顔面蒼白 皮膚の乾燥 肌荒れ 青色強膜(白眼が青みがかって見える) 萎縮性舌炎 口唇症(口唇炎・口角炎) スプーン爪 食道ウェブ(食道の上方1/3に粘膜に薄い膜ができて固形物が飲み込みにくくなる) 脱毛 収縮期雑音 頻脈など

このような症状がある時には男性でも貧血や潜在的鉄欠乏がないかを調べておく必要があります。
潜在的鉄欠乏は鉄剤服用によって症状や所見が改善します。
鉄剤が服用しづらい場合は、半錠にする・顆粒薬少量にするなどして1回量を減らすと継続できることが多いです。
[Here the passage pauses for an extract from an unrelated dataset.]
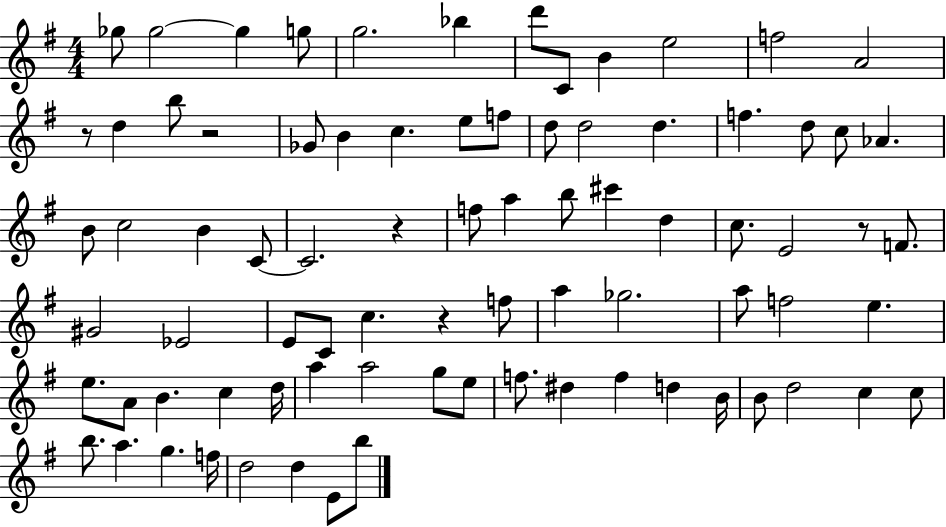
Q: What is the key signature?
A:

お茶と同時に鉄剤を飲んでも殆ど影響しません、また吸収促進させるためのビタミンCもまず不要とされています。

鉄不足や潜在的鉄欠乏になる原因として月経以外にも胃潰瘍や胃癌、大腸癌からの消化管出血を忘れてはいけません。

さて以上とは逆に、血清鉄値が低くてもフェリチン値が高い場合もあります。
フェリチンを含有している細胞(多くは細網内皮系細胞)からのフェリチンは輸送蛋白のフェロポルチンで輸送されてトランスフェリンと結合できますが、肝臓で形成される「ヘプシジン-25」がフェロポルチンの発現を阻害するのでフェリチン中の鉄が血清に運ばれなくなり、フェリチンは高値で鉄が低値になります。
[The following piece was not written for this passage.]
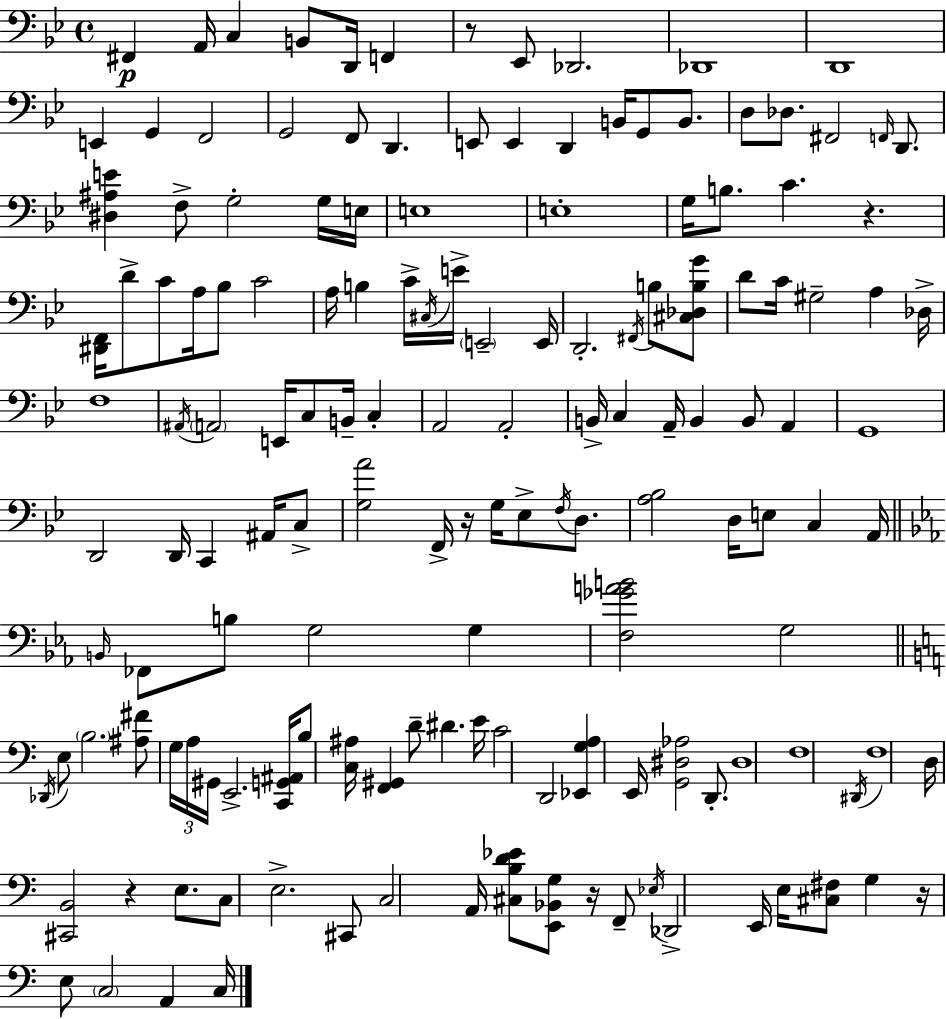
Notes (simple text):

F#2/q A2/s C3/q B2/e D2/s F2/q R/e Eb2/e Db2/h. Db2/w D2/w E2/q G2/q F2/h G2/h F2/e D2/q. E2/e E2/q D2/q B2/s G2/e B2/e. D3/e Db3/e. F#2/h F2/s D2/e. [D#3,A#3,E4]/q F3/e G3/h G3/s E3/s E3/w E3/w G3/s B3/e. C4/q. R/q. [D#2,F2]/s D4/e C4/e A3/s Bb3/e C4/h A3/s B3/q C4/s C#3/s E4/s E2/h E2/s D2/h. F#2/s B3/e [C#3,Db3,B3,G4]/e D4/e C4/s G#3/h A3/q Db3/s F3/w A#2/s A2/h E2/s C3/e B2/s C3/q A2/h A2/h B2/s C3/q A2/s B2/q B2/e A2/q G2/w D2/h D2/s C2/q A#2/s C3/e [G3,A4]/h F2/s R/s G3/s Eb3/e F3/s D3/e. [A3,Bb3]/h D3/s E3/e C3/q A2/s B2/s FES2/e B3/e G3/h G3/q [F3,Gb4,A4,B4]/h G3/h Db2/s E3/e B3/h. [A#3,F#4]/e G3/s A3/s G#2/s E2/h. [C2,G2,A#2]/s B3/e [C3,A#3]/s [F2,G#2]/q D4/e D#4/q. E4/s C4/h D2/h [Eb2,G3,A3]/q E2/s [G2,D#3,Ab3]/h D2/e. D#3/w F3/w D#2/s F3/w D3/s [C#2,B2]/h R/q E3/e. C3/e E3/h. C#2/e C3/h A2/s [C#3,B3,D4,Eb4]/e [E2,Bb2,G3]/e R/s F2/e Eb3/s Db2/h E2/s E3/s [C#3,F#3]/e G3/q R/s E3/e C3/h A2/q C3/s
急性感染症や慢性炎症の時のIL-6や他の液性因子が肝臓を刺激してヘプシジン-25が増加します。細菌感染時にヘプシジンが増える目的は、細菌増殖に必要な鉄を細菌が利用できなくすることにあります。尿路感染時の鉄欠乏・フェリチン高値が感染症治療後には改善することはしばしば経験します。
フェリチン高値が持続する場合には悪性腫瘍、骨髄疾患、膠原病などを区別する必要があります。
貧血やフェリチン値異常の原因追究は奥が深くなかなか一筋縄ではいかないものですが、重大な原因を見逃さないように注意深く結果を解釈する必要があります。